Attackers stole tens of millions via mobile connections

Dec 6, 2018 20:17 GMT  ·  By

The computing systems of up to eight different banks from Eastern Europe were successfully infiltrated and compromised during a cyber attack operation dubbed DarkVishnya by Kaspersky Lab's research team.

Between 2017 and 2018, Kaspersky's security specialists were hired by the compromised banks which lost tens of millions of dollars during the attacks to research the methods used by the crooks to penetrate their security defenses.

As the security researchers found out, the cybercriminals planted netbooks or inexpensive laptops, Raspberry Pi computers, or Bash Bunny devices within the banks' networks, which they later accessed via GPRS/3G/LTE mobile data connections.

The attackers used three-staged attacks to get inside the banks' security fortifications, to harvest all the data needed to steal their money, and to get out with the bounty undetected.

In the first stage, the DarkVishnya hackers dropped the devices while being careful to use locations where no one would suspect they were out of place and also making sure that the drops came with built-in GPRS/3G/LTE connectivity or by adding USB mobile data modems when needed.

Fileless malware was used during the operation to avoid detection

DarkVishnya's second stage consisted of remotely connecting to the planted devices and carefully scanning the bank's local network for exploitable resources such as open web servers and shared folders in an effort to pinpoint the machines used during the payment process.

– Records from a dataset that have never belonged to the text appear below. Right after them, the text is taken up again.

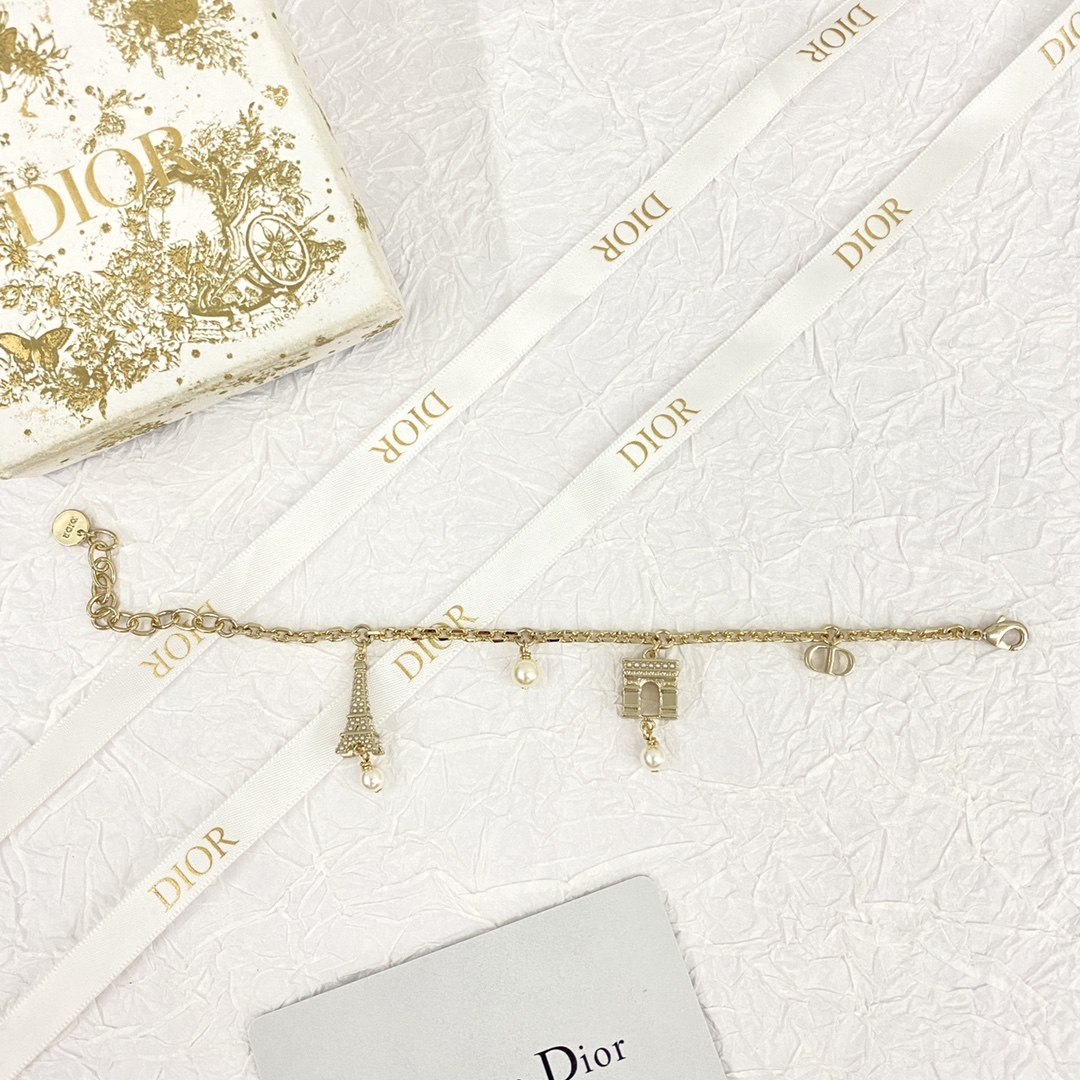 ❤️90包邮/原单代购级别
编码H522  
🛍Dior手链热销款火爆上新🆕🆕🆕
😎迪奥巴黎铁塔手链✨
🤑埃菲尔铁塔➕凯旋门
🤡上边颗颗施华洛奇世小米珠颜值拉满～带你游走优雅与浪漫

Once they had their marks in sight, the crooks would try to compromise them using sniffed credentials or brute-force attacks, while also making use of tunnels or shellcodes with TCP servers to move around the network unencumbered by firewall restrictions.

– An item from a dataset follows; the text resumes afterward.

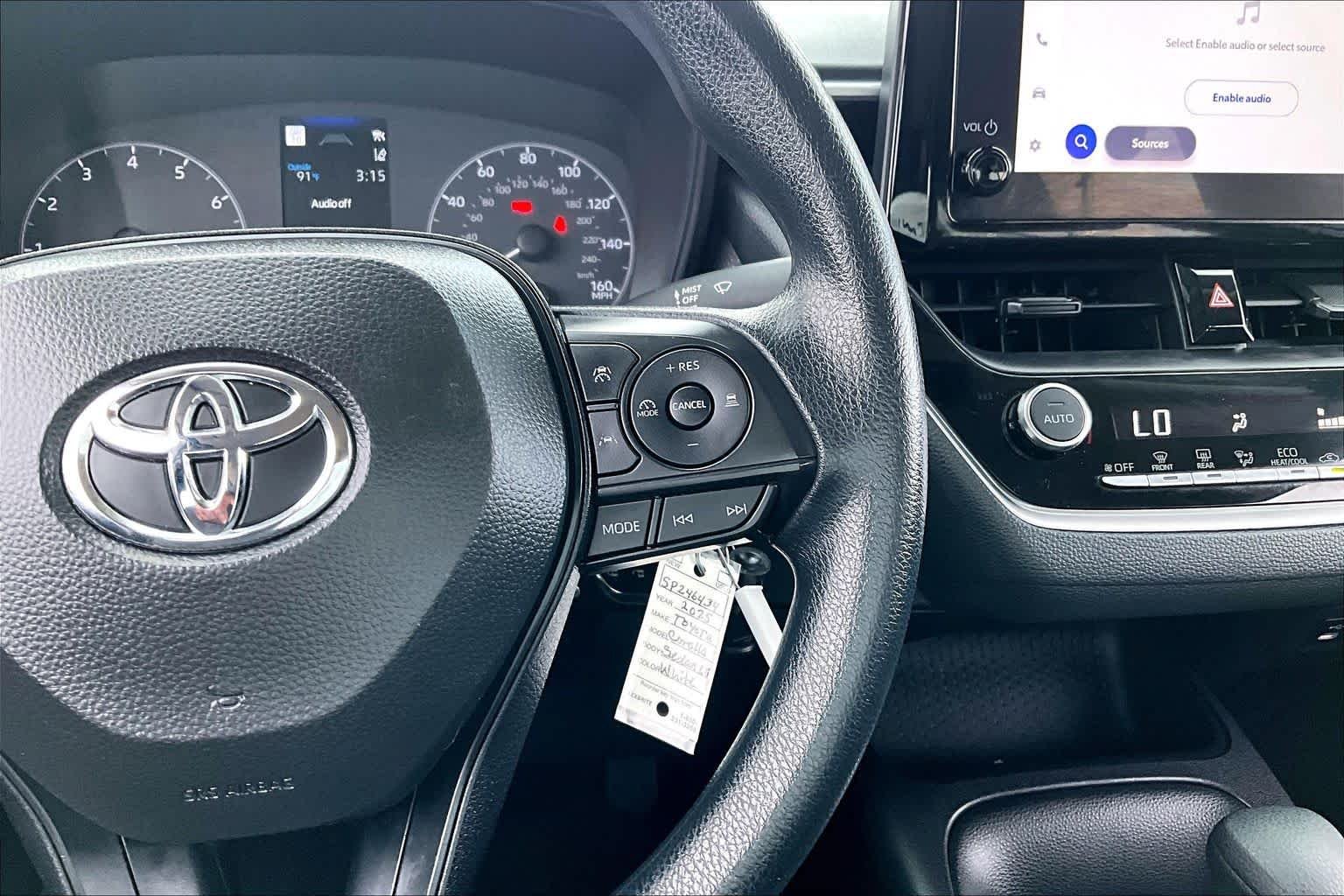 Used 2025 Ice Cap Toyota LE image 25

During the third and final stage of their attacks, the cybergoons used fileless malware delivered using remote access software to steal the funds they were after while also keeping a low profile at all times.

Staying out of sight was achieved by evading detection by anti-malware software using whitelists and domain policies, using "impacket, and winexesvc.exe or PsExec.exe to run executable files remotely" when starting their malicious services was not possible locally.